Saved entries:
=== Section Start ===

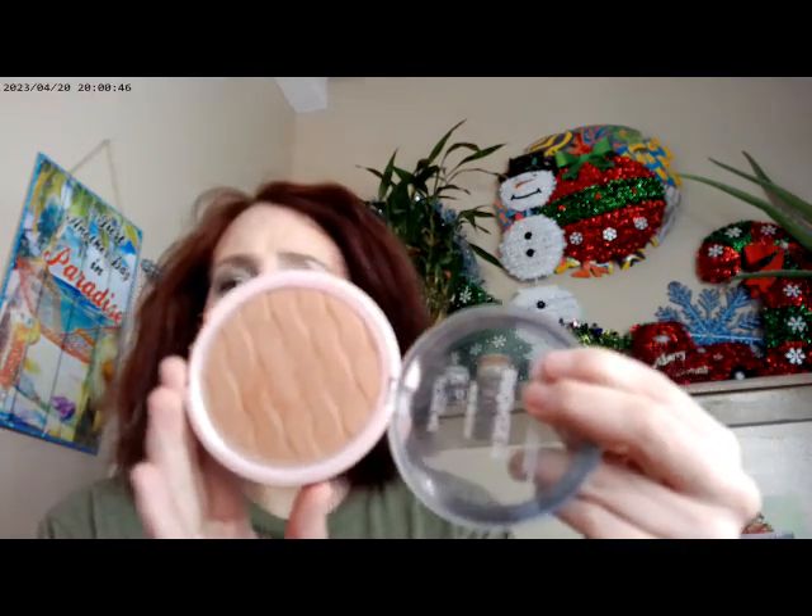I did use the Haus Labs Triclone Foundation in the shade Fair Cool 50. Sorry about the background noise — that's my coffee and tea machine. For bronzer, I went ahead and used the L'Oreal Lumi Bronzed in Light, so that's what I have on.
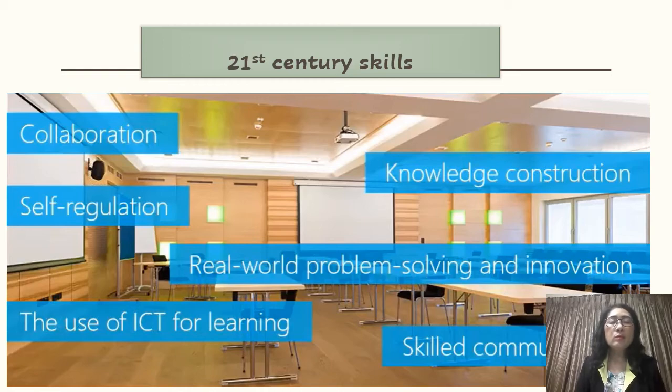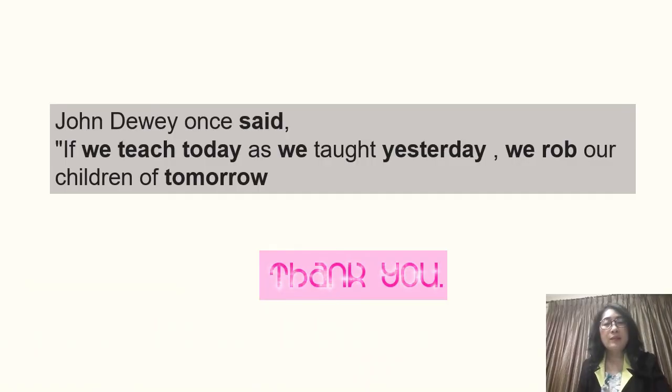Before I end my session, I would like to repeat the benefits of conducting project-based learning. It enhances 21st century skills that are really important for students' futures: collaboration, knowledge construction, real-world problem solving and innovation, communication, use of ICT for learning, and self-regulation. These are the most important skills every student and learner should achieve. As John Dewey says: 'If we teach today as we taught yesterday, we rob our children of tomorrow.' With that, I end my sharing. Thank you for your attention.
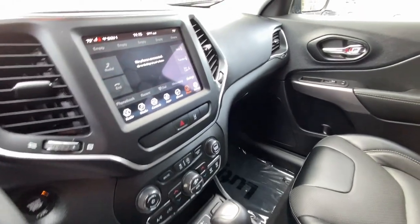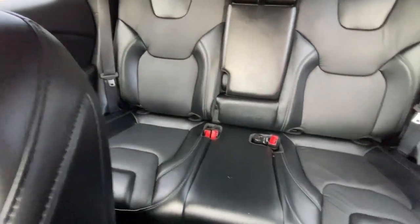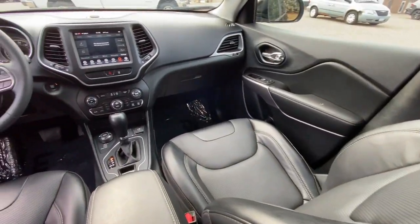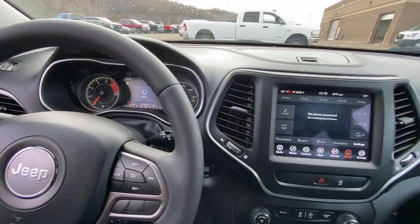Heated steering wheel, pre-collision system, lane departure warning, keyless entry, backup camera, fog lamps, power passenger seat, keyless start, remote engine start, and heated mirrors. Don't miss out on the chance to drive a rugged SUV that's designed with passenger comfort in mind. Drive the Cherokee.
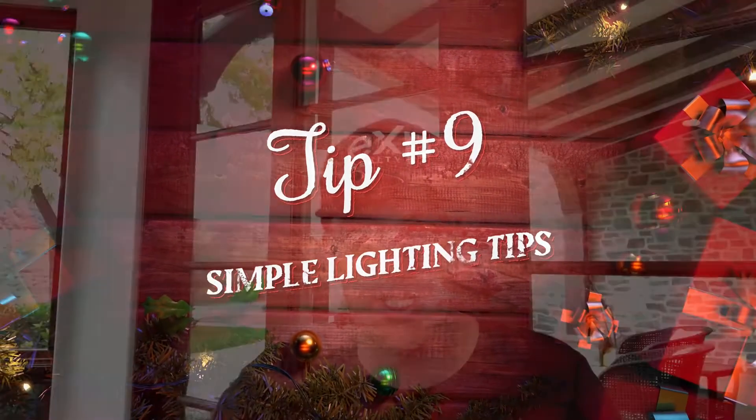Tip number nine. I want to give you a few simple lighting tips just to enhance the quality of the videos that you are shooting. So this is very, very simple. If you are shooting outdoors, I want you to have the sun in your face — not behind you, but in front of you.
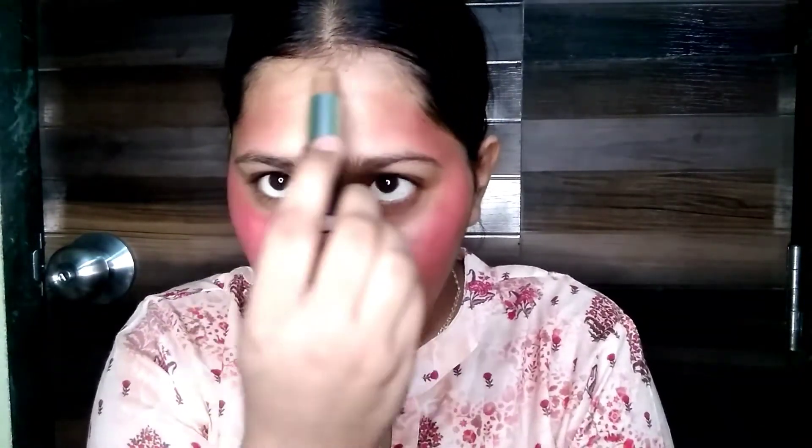It is not that visible right now. The texture is not like what I generally use, but let's blend it in.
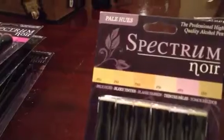So these are the ones I got: the red ones, the essentials like the blender and true black, the pale hues which are the flesh tones, turquoise — it looks like that — and the purples and blues. Let me try to show you the caps a bit. They're six to a pack.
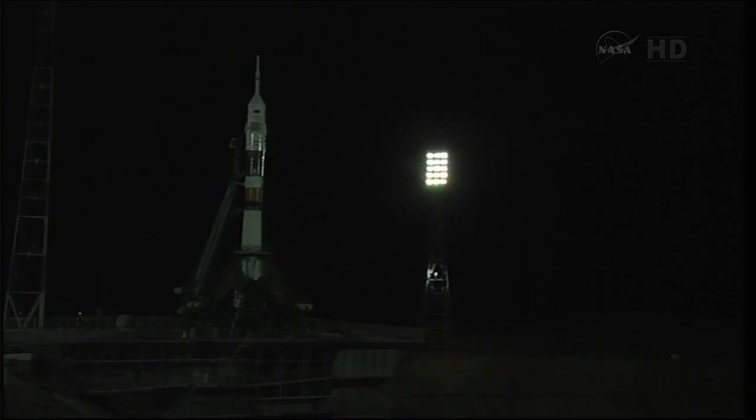The auto sequence is starting. The first umbilical tower has been separated from the booster. T-minus 45 seconds, the ground umbilical to the third stage has been disconnected.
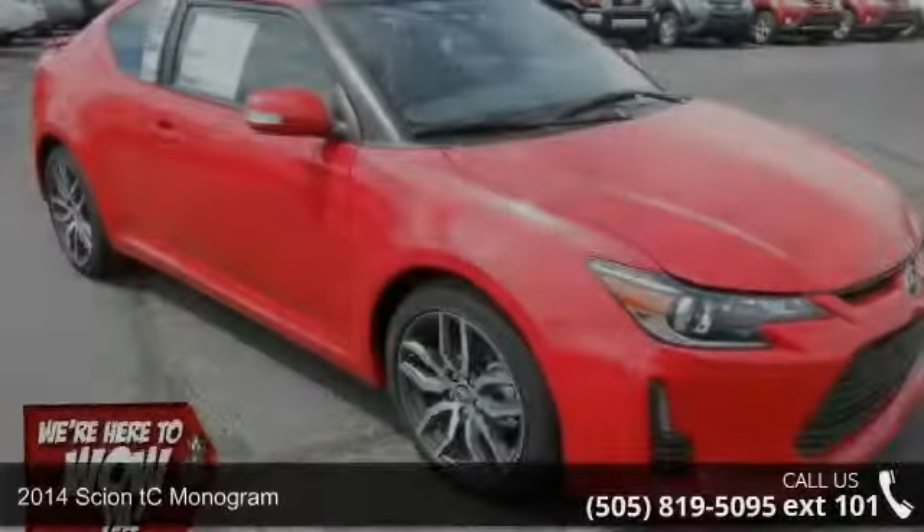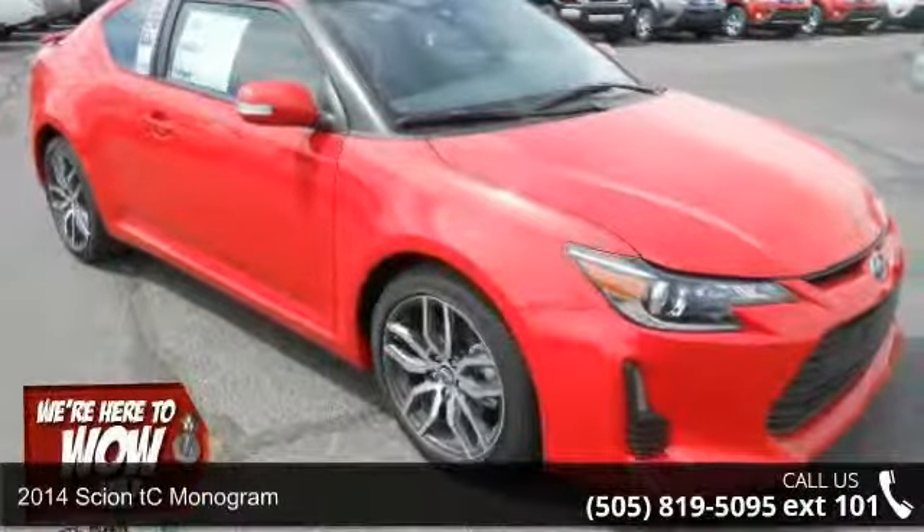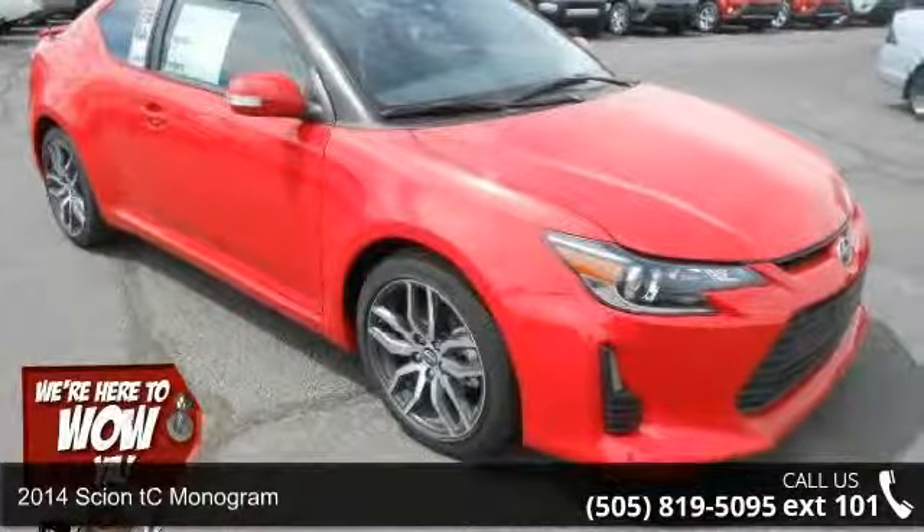Step into the 2014 Scion tC. If you are looking for a first-rate auto, this one could be yours today.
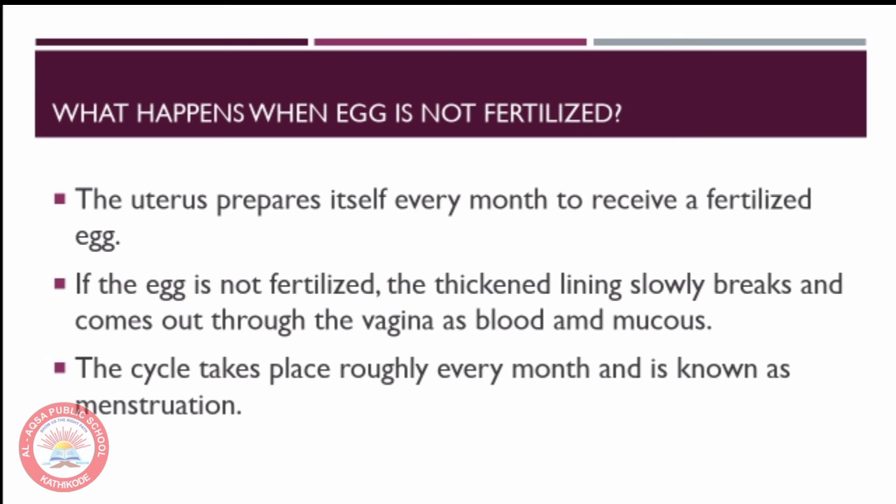Let us see what happens when the egg is not fertilized. The uterus prepares itself every month to receive a fertilized egg. If the egg is not fertilized, the thickened lining slowly breaks down and comes out through the vagina as blood and mucus. This cycle takes place roughly every month and is known as menstruation.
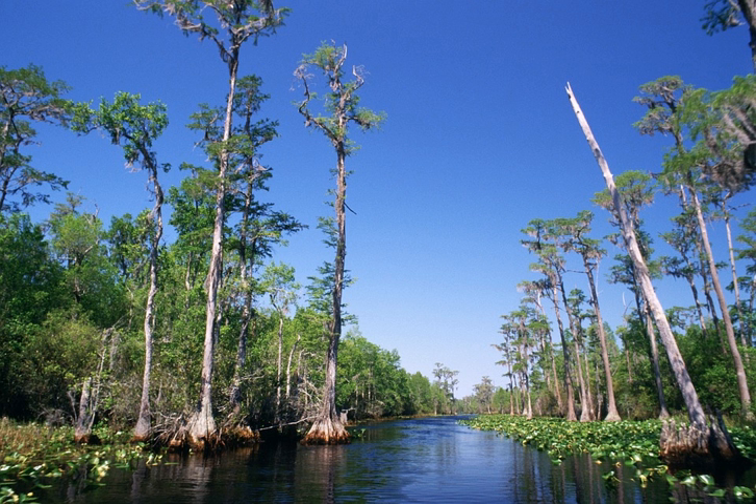Soil and location: grows naturally in swamps, but will also do well in ordinary well-drained good soil. In its natural habitat, it sends out special roots above water — these are known as cypress knees, and serve to provide air to the submerged roots of the tree.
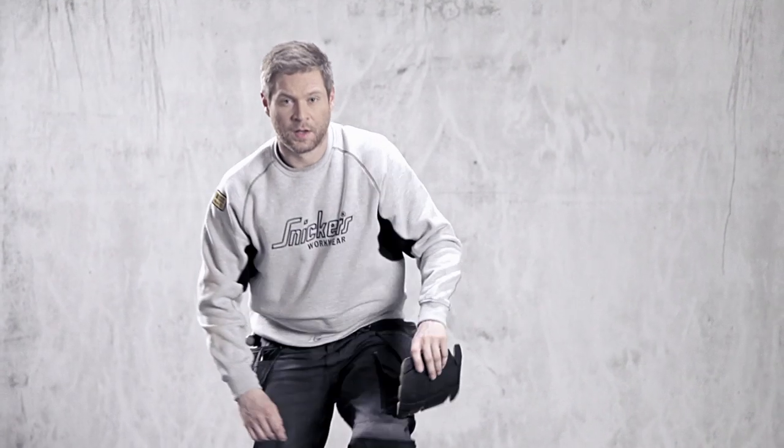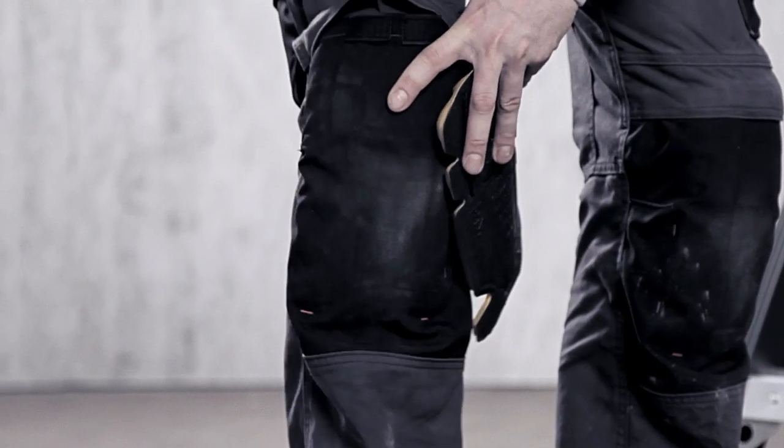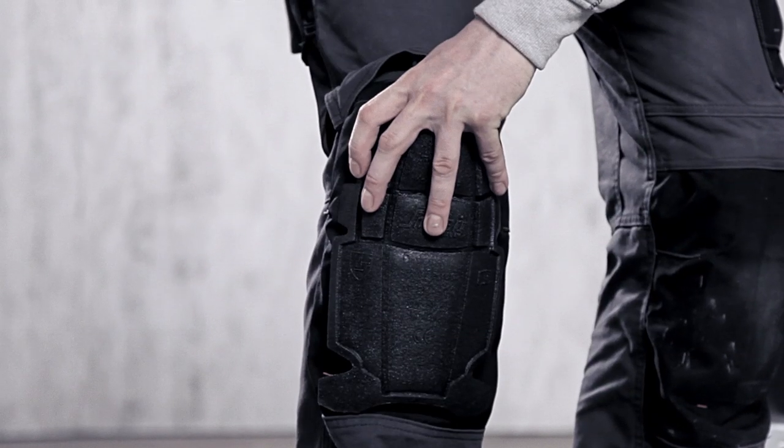With Snickers Workwear you get the best knee protection available, because all craftsman trousers feature the knee guard positioning system. It's a patented solution that allows you to move your knee pad up or down into different positions, all to ensure that it stays in place to protect your knee.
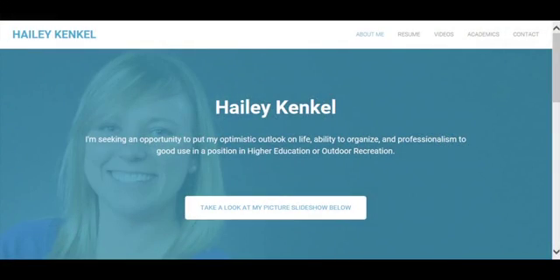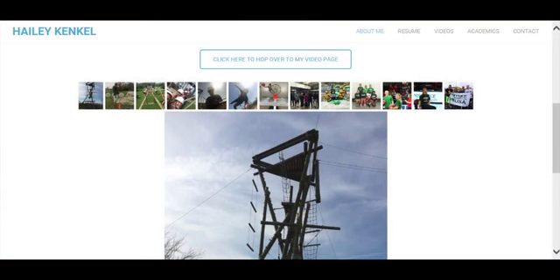I'd like to show you a couple. My daughter Haley personalized her Weebly site by incorporating herself into the design. She also highlighted some of her favorite projects with a photo slideshow as well as a video page. Here's a short example.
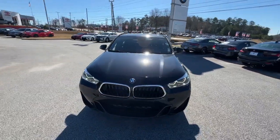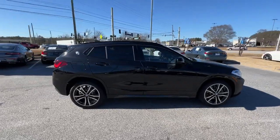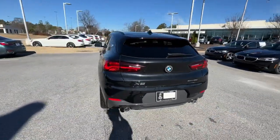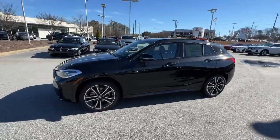Get acquainted with the 2023 BMW X2. Let your rebellious side show with style in the sporty, aggressive X2, the daring sports activity vehicle that puts you out in front, ahead of the curve.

=== Section End ===

About this task:
Leave the pictures out, and restate exactly the lines from the start of the records through the one that contains "Step into the".

Task output:
I did use the Haus Labs Triclone Foundation in the shade Fair Cool 50. Sorry about the background noise — that's my coffee and tea machine. For bronzer, I went ahead and used the L'Oreal Lumi Bronzed in Light, so that's what I have on.
Before I end my session, I would like to repeat the benefits of conducting project-based learning. It enhances 21st century skills that are really important for students' futures: collaboration, knowledge construction, real-world problem solving and innovation, communication, use of ICT for learning, and self-regulation. These are the most important skills every student and learner should achieve. As John Dewey says: 'If we teach today as we taught yesterday, we rob our children of tomorrow.' With that, I end my sharing. Thank you for your attention.
Heated steering wheel, pre-collision system, lane departure warning, keyless entry, backup camera, fog lamps, power passenger seat, keyless start, remote engine start, and heated mirrors. Don't miss out on the chance to drive a rugged SUV that's designed with passenger comfort in mind. Drive the Cherokee.
Tip number nine. I want to give you a few simple lighting tips just to enhance the quality of the videos that you are shooting. So this is very, very simple. If you are shooting outdoors, I want you to have the sun in your face — not behind you, but in front of you.
It is not that visible right now. The texture is not like what I generally use, but let's blend it in.
So these are the ones I got: the red ones, the essentials like the blender and true black, the pale hues which are the flesh tones, turquoise — it looks like that — and the purples and blues. Let me try to show you the caps a bit. They're six to a pack.
The auto sequence is starting. The first umbilical tower has been separated from the booster. T-minus 45 seconds, the ground umbilical to the third stage has been disconnected.
Step into the 2014 Scion tC. If you are looking for a first-rate auto, this one could be yours today.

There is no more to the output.